The presence of blistering and desquamation should provoke suspicion for NCS. Once NCS is diagnosed, prompt intervention is necessary to reduce the risk of poor functional outcomes. This case highlights the need for increased awareness of the risk developing compartment syndrome as part of the rare sequalae in infants with congenital anomalies of kidney and urinary tract.

摘要

目的

当筋膜皮肤间隙内压力升高导致毛细血管灌注减少,引起缺血性不可逆组织损伤时,会发生新生儿间隙综合征(NCS)。NCS是一种罕见疾病,需要及时诊断和治疗。

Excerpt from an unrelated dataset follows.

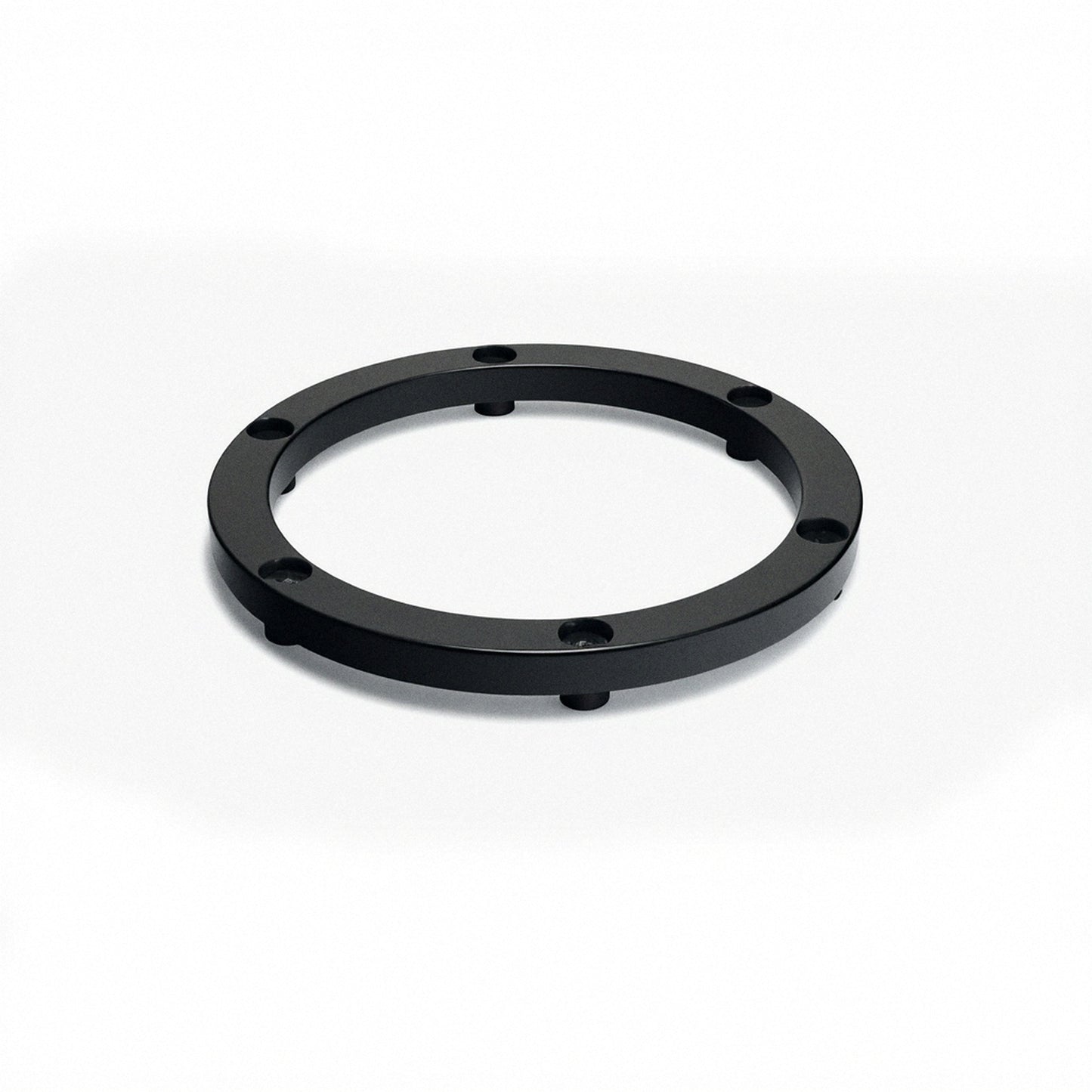 Black circular elevator ring base with four small legs and mounting holes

NCS的诊断高度依赖体格检查,而这在新生儿中可能具有挑战性。及时识别可为良好预后提供最佳机会。

病例报告

我们报告一例基于体格检查结果诊断和治疗的NCS病例。胎儿超声检查显示膀胱扩张、双侧鞘膜积液、尿道扩张以及腹腔内尿液性腹水,提示下尿路梗阻和可能的膀胱破裂。出生后1小时,对婴儿左上肢的检查显示无自主活动,手部和前臂呈暗紫色,手部有一个大水泡且伴有脱皮。通过多普勒超声检查未检测到肘前窝远端的脉搏。该婴儿被诊断为NCS并接受了紧急筋膜切开术。左上肢的临床表现和灌注逐渐改善。在4个月大时,伤口愈合,患者左上肢被动活动范围完全正常。主动活动的恢复仍在进行中。

结论

出现水泡和脱皮应引起对NCS的怀疑。一旦诊断为NCS,必须及时干预以降低功能预后不良的风险。本病例强调需要提高对发生间隙综合征风险的认识,这是先天性肾脏和尿路异常婴儿罕见的后遗症之一。